§ TO DO
What is needed is a word-for-word copy of every record below, minus the pictures.
^^^^^^^^
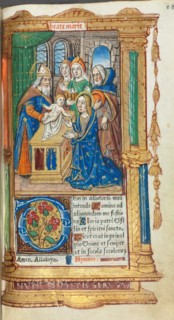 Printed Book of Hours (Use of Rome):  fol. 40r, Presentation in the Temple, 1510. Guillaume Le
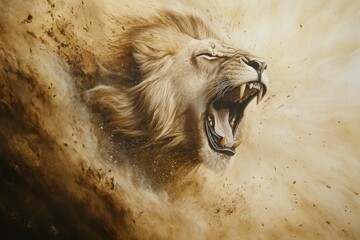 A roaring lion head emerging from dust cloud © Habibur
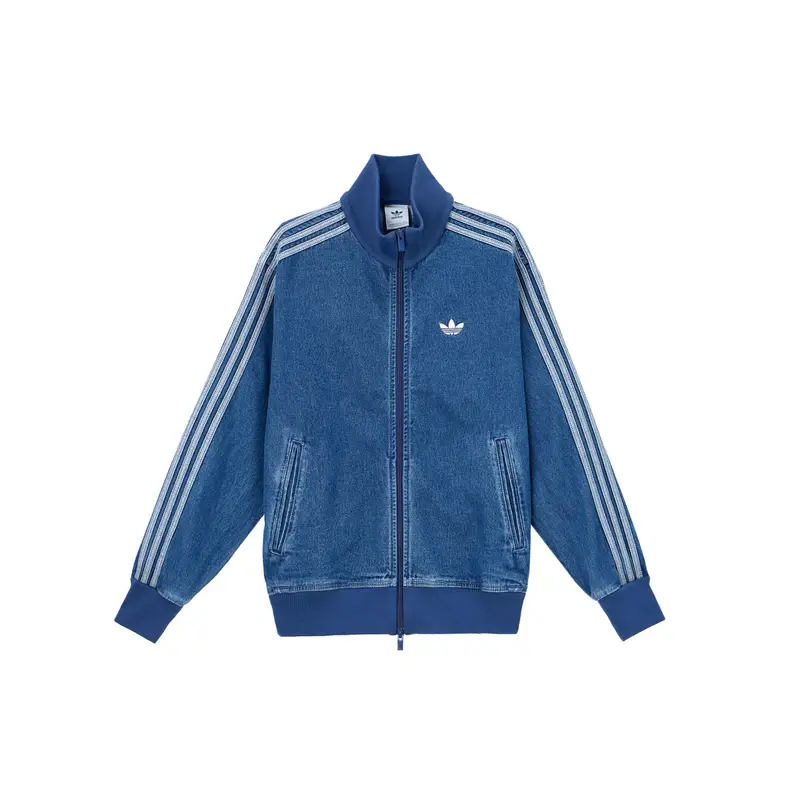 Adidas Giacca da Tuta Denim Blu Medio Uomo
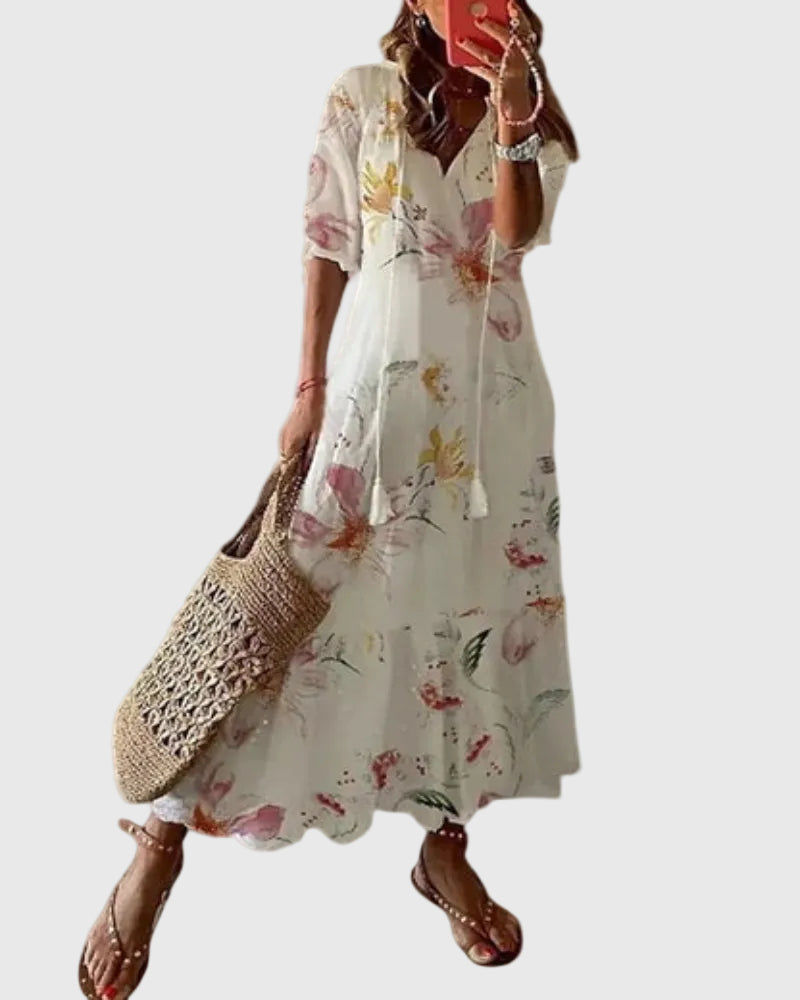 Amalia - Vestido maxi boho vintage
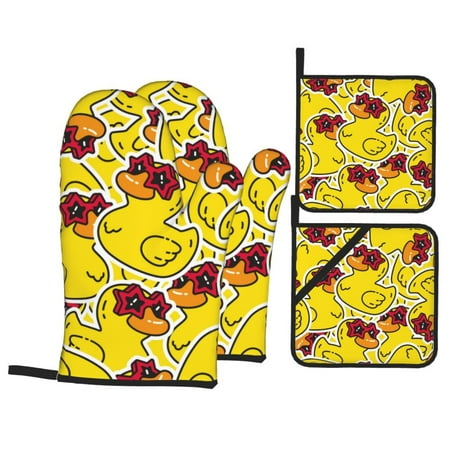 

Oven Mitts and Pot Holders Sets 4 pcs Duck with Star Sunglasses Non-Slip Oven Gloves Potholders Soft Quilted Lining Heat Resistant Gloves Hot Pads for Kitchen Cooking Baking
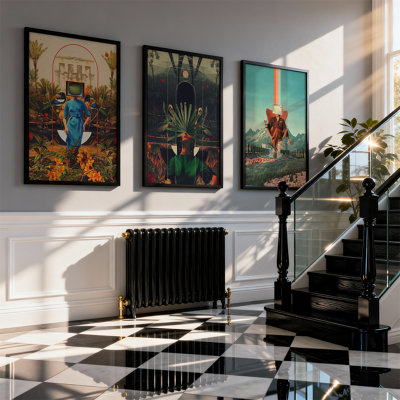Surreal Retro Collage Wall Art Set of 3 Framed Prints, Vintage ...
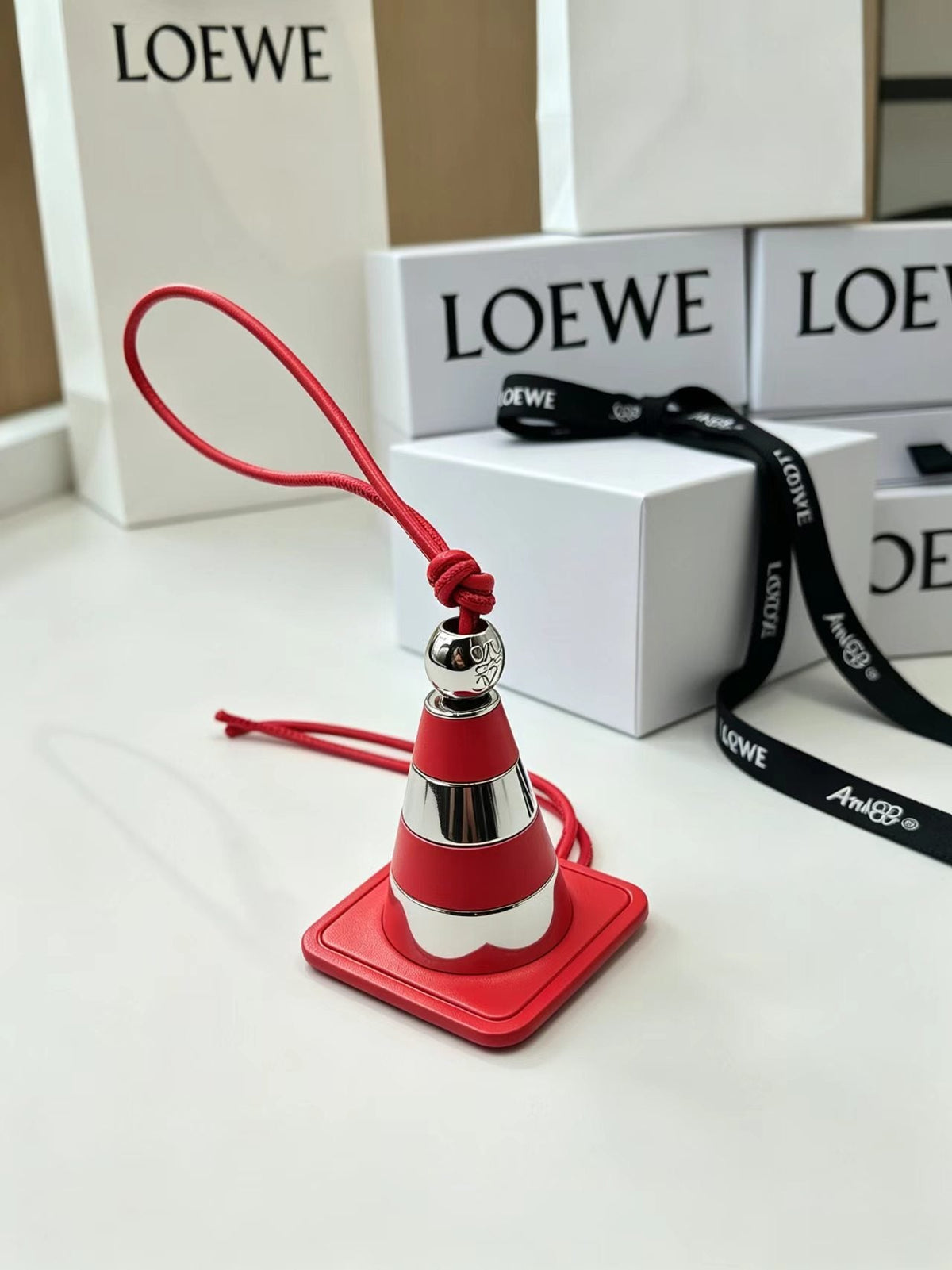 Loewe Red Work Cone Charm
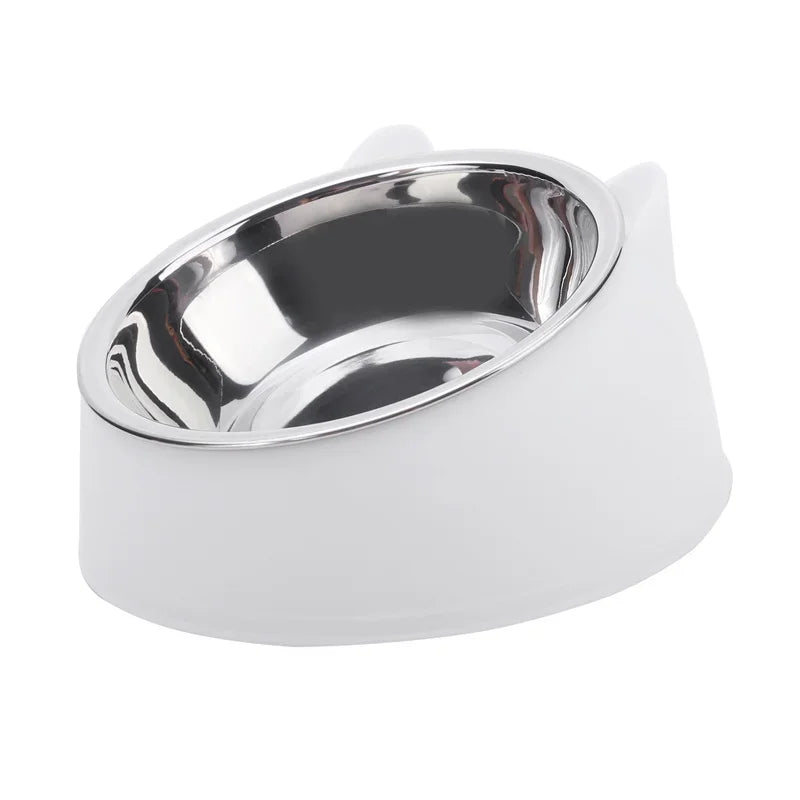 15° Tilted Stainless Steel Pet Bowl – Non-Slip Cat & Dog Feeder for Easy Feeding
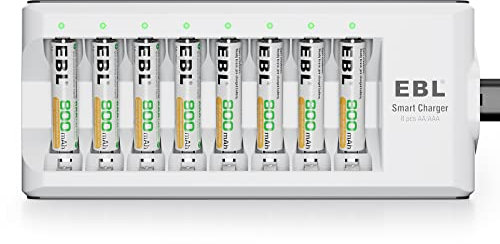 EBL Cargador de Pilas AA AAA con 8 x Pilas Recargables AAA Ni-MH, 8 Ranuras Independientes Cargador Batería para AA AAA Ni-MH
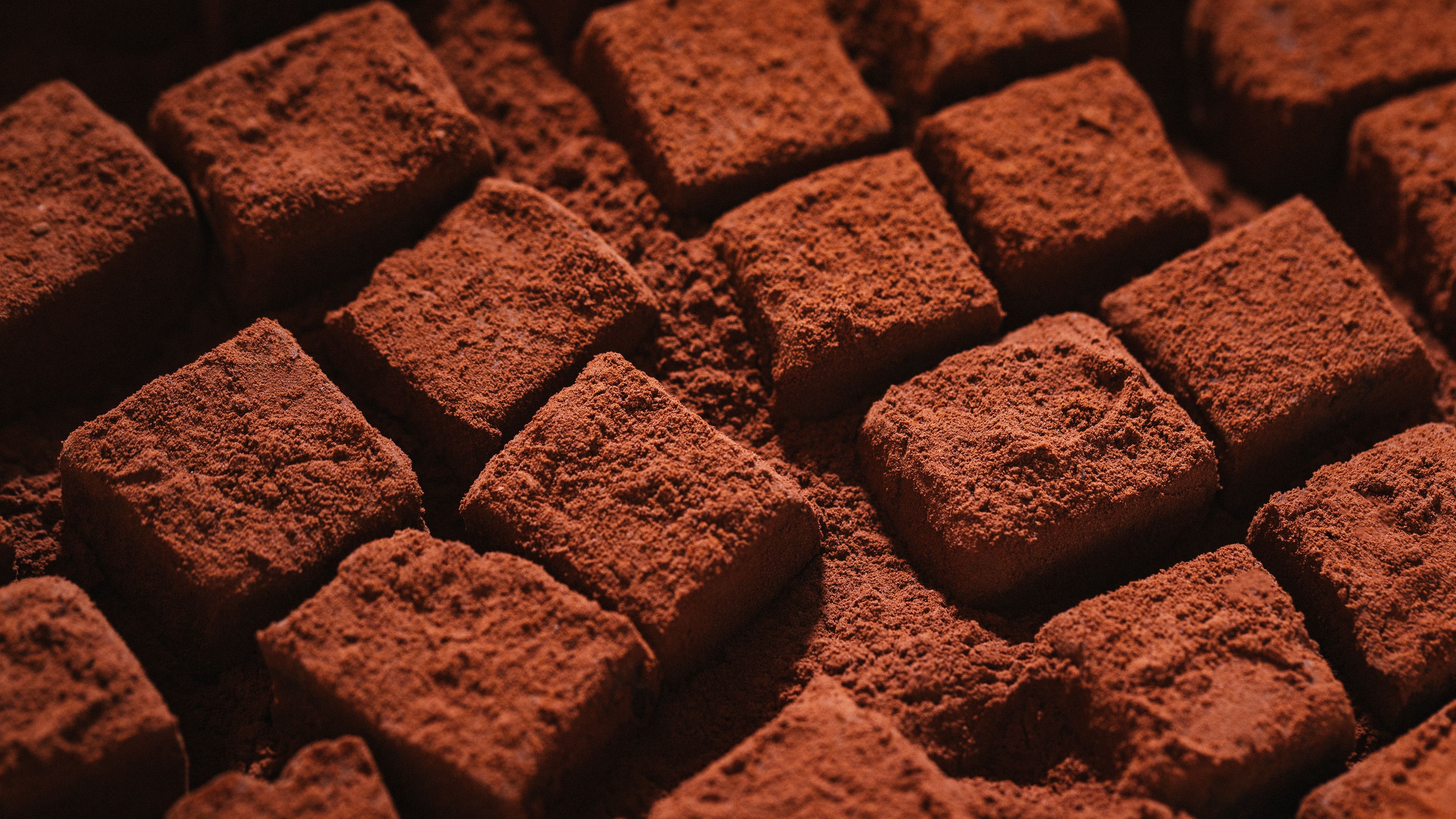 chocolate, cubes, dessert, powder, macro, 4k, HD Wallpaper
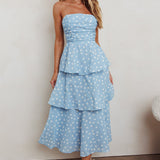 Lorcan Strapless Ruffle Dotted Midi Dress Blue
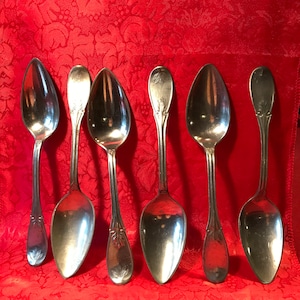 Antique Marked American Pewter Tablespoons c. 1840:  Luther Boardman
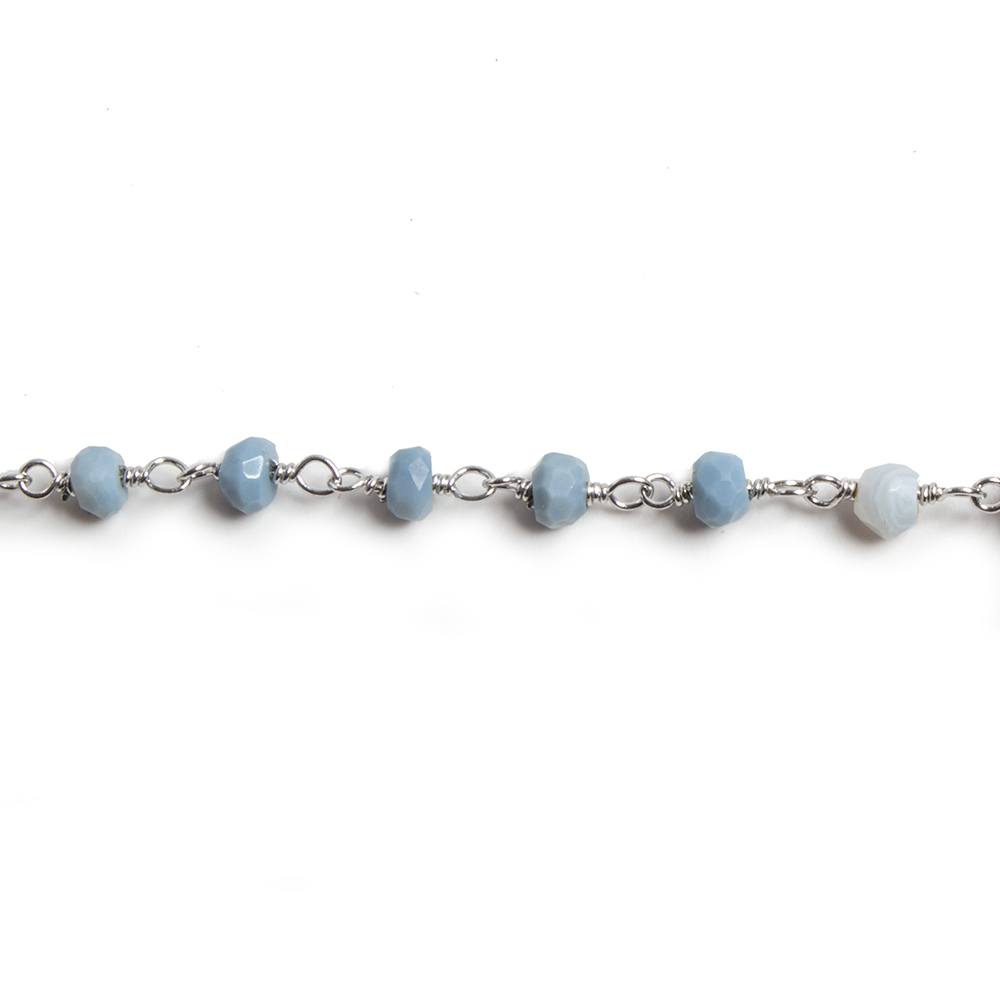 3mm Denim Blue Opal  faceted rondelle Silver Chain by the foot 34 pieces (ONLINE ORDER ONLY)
^^^^^^^^
§ RESULT
 Printed Book of Hours (Use of Rome):  fol. 40r, Presentation in the Temple, 1510. Guillaume Le
 A roaring lion head emerging from dust cloud © Habibur
 Adidas Giacca da Tuta Denim Blu Medio Uomo
 Amalia - Vestido maxi boho vintage

Oven Mitts and Pot Holders Sets 4 pcs Duck with Star Sunglasses Non-Slip Oven Gloves Potholders Soft Quilted Lining Heat Resistant Gloves Hot Pads for Kitchen Cooking Baking
Surreal Retro Collage Wall Art Set of 3 Framed Prints, Vintage ...
 Loewe Red Work Cone Charm
 15° Tilted Stainless Steel Pet Bowl – Non-Slip Cat & Dog Feeder for Easy Feeding
 EBL Cargador de Pilas AA AAA con 8 x Pilas Recargables AAA Ni-MH, 8 Ranuras Independientes Cargador Batería para AA AAA Ni-MH
 chocolate, cubes, dessert, powder, macro, 4k, HD Wallpaper
 Lorcan Strapless Ruffle Dotted Midi Dress Blue
 Antique Marked American Pewter Tablespoons c. 1840:  Luther Boardman
 3mm Denim Blue Opal  faceted rondelle Silver Chain by the foot 34 pieces (ONLINE ORDER ONLY)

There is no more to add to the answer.